At Assûan we bade farewell to Nubia and the blameless Ethiopians, and found ourselves once more traversing the Nile of Egypt. If instead of five miles of Cataract we had crossed five hundred miles of sea or desert, the change could not have been more complete. We left behind us a dreamy river, a silent shore, an ever-present desert. Returning, we plunged back at once into the midst of a fertile and populous region. All day long, now, we see boats on the river; villages on the banks; birds on the wing; husbandmen on the land; men and women, horses, camels and asses, passing perpetually to and fro on the towing-path. There is always someting moving, something doing. The Nile is running low, and the shâdûfs – three deep, now – are in full swing from morning till night. Again the smoke goes up from clusters of unseen huts at close of day. Again we hear the dogs barking from hamlet to hamlet in the still hours of the night. Again, towards sunset, we see troops of girls coming down to the river-side with their water-jars on their heads. Those Arab maidens, when they stand with garments tightly tucked up and just their feet in the water, dipping the goollah at arm’s length in the fresher gush of the current, almost tempt one’s pencil into the forbidden paths of caricature.

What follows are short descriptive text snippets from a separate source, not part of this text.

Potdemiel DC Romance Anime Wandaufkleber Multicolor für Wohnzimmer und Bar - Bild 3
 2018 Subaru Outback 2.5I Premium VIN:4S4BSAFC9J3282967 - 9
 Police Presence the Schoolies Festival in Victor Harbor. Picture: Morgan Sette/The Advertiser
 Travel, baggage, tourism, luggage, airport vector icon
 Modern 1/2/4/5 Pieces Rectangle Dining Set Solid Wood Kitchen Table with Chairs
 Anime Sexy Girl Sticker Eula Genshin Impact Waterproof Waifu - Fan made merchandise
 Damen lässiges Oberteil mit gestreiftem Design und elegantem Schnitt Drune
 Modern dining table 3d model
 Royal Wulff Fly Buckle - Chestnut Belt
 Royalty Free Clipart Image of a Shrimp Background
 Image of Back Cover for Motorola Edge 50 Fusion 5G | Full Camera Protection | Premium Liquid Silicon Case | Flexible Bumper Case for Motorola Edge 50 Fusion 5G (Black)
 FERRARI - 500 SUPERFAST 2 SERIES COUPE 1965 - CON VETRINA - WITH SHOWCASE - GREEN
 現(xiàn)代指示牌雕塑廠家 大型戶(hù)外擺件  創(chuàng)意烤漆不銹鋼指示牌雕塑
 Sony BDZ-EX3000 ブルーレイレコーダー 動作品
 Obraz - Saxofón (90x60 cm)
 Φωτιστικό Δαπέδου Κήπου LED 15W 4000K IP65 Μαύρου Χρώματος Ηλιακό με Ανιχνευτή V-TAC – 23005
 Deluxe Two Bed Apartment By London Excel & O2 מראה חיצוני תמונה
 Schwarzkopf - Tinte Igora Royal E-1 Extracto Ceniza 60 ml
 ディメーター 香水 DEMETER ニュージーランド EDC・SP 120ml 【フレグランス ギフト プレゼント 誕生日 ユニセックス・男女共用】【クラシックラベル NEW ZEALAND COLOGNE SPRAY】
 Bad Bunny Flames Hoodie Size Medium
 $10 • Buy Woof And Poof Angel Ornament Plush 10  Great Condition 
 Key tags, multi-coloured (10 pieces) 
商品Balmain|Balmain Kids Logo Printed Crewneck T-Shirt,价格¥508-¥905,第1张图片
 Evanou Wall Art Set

Kom Ombo is a magnificent torso. It was as large once as Denderah – perhaps larger; for, being on the same grand scale, it was a double Temple and dedicated to two gods, Horus and Sebek;2 the Hawk and the Crocodile. Now there remain only a few giant columns buried to within eight or ten feet of their gorgeous capitals; a superb fragment of architrave; one broken wave of sculptured cornice, and some fallen blocks graven with the names of Ptolemies and Cleopatras.

A great double doorway, a hall of columns, and a double sanctuary, are said to be yet perfect, though no longer accessible. The roofing blocks of three halls, one behind the other, and a few capitals, are yet visible behind the portico. What more may lie buried below the surface, none can tell. We only know that an ancient city and a mediæval hamlet have been slowly engulfed; and that an early Temple, contemporary with the Temple of Amada, once stood within the sacred enclosure. The sand here has been accumulating for 2000 years. It lies forty feet deep, and has never been excavated. It will never be excavated now; for the Nile is gradually sapping the bank, and carrying away piecemeal from below what the desert has buried from above. Half of one noble pylon – a cataract of sculptured blocks – strews the steep slope from top to bottom. The other half hangs suspended on the brink of the precipice. It cannot hang so much longer. A day must soon come when it will collapse with a crash, and thunder down like its fellow.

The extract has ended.